Cut to the apartment, after the fitting. Isabel and Sophie have had non-alcoholic drinks. At last, they talk honestly—at least Sophie does. She has not had a drink since that night in the Rue de Lappe—clearly Larry went back for her immediately after he left the others. She admits what a struggle it is and says that she realizes that this is her last chance. She knew that Isabel was watching her at the Ritz. Isabel pours herself some Persovka and again praises it. She shows Sophie pictures of her children, which stirs memories of Linda. Then she asks Sophie to wait while she picks up her daughter from the dentist. They can talk more when she comes back. The butler removes the drinks tray; Isabel stares at the bottle of Persovka on the side table and then walks out. After a while, Sophie takes multiple drinks.

Larry scours the bars and dives, following the trail of a woman demanding Persovka until he tracks Sophie to an opium den. Sophie runs away, screaming, and disappears. Larry is beaten and thrown into the street; his last attempt to save his childhood companion from her depravity and despair has proved fruitless. A year later, Sophie is murdered in Toulon, and her death reunites Larry and Maugham during the police investigation.
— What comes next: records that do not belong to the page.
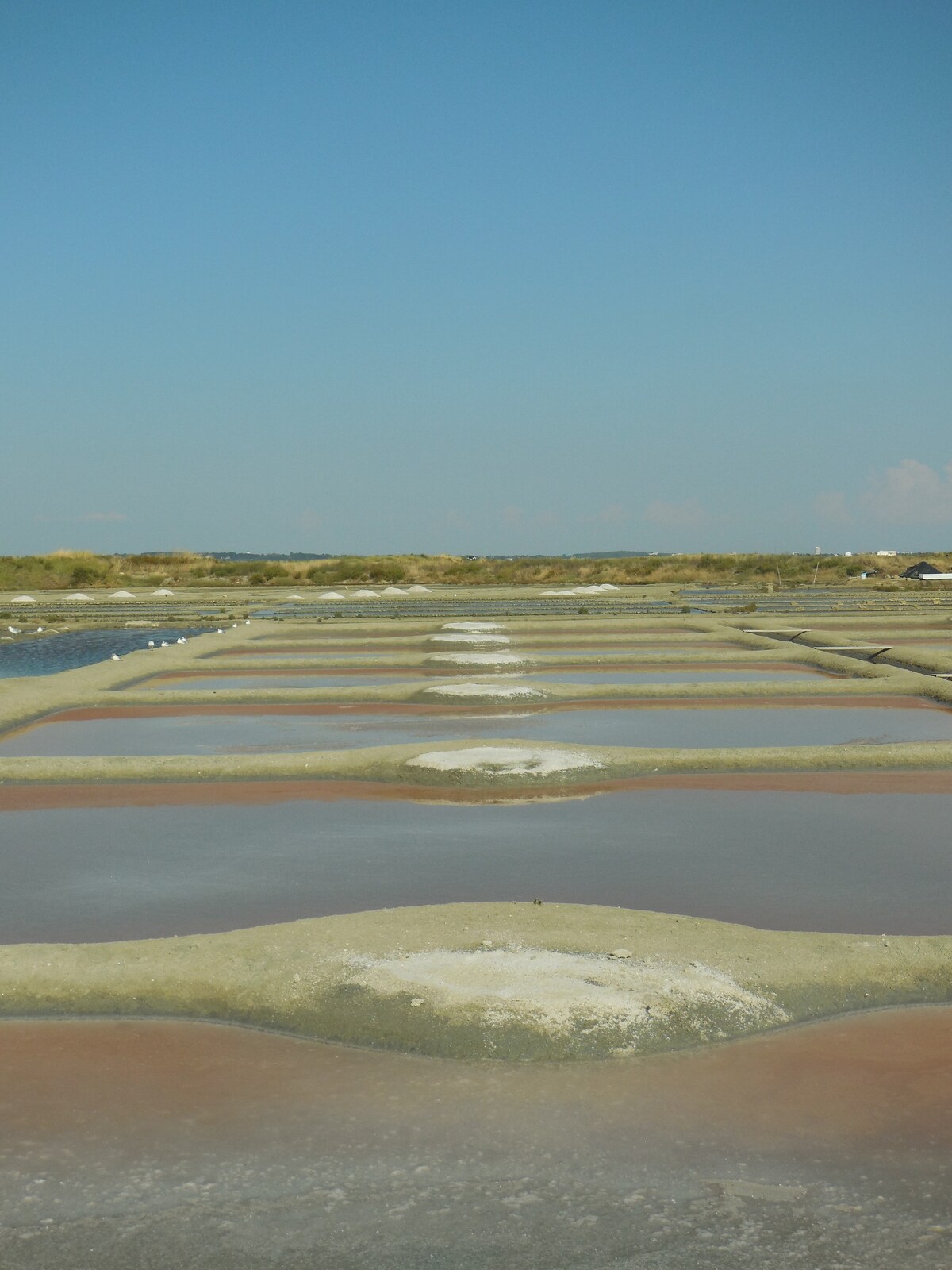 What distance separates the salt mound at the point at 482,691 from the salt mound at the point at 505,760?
6.24m

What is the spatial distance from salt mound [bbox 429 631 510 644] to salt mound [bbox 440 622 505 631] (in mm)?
2028

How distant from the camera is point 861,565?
101938mm

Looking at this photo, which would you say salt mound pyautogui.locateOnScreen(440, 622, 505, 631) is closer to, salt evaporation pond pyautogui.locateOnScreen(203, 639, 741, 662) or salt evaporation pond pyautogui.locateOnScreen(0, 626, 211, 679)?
salt evaporation pond pyautogui.locateOnScreen(203, 639, 741, 662)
Maugham and Larry visit Elliott on his deathbed in Nice. Maugham takes on the delicate task of asking Elliott if he is ready for the last rites. Elliott is in tears because he has not received an invitation for an important masked ball hosted by Princess Edna Novemali, princess-by-marriage, an American from Milwaukee whom Elliott helped when she first entered European society and who now treats him with contempt. Isabel and Gray arrive just as Larry leaves the house on a mission of mercy. Elliott tells Gray that he will now have enough money to pay off his father's debts and rebuild the business.

Larry persuades Miss Keith, the Princess's social secretary, to allow him to take a blank invitation to counterfeit one for Elliott and give him peace of mind. Elliott is hugely gratified when the Bishop himself comes to perform the last rites. Then an urgent message arrives—the invitation. Elliott's last act is to dictate a proper reply. He regrets he cannot attend “owing to a previous engagement with his Blessed Lord,” and adds, “The old witch.”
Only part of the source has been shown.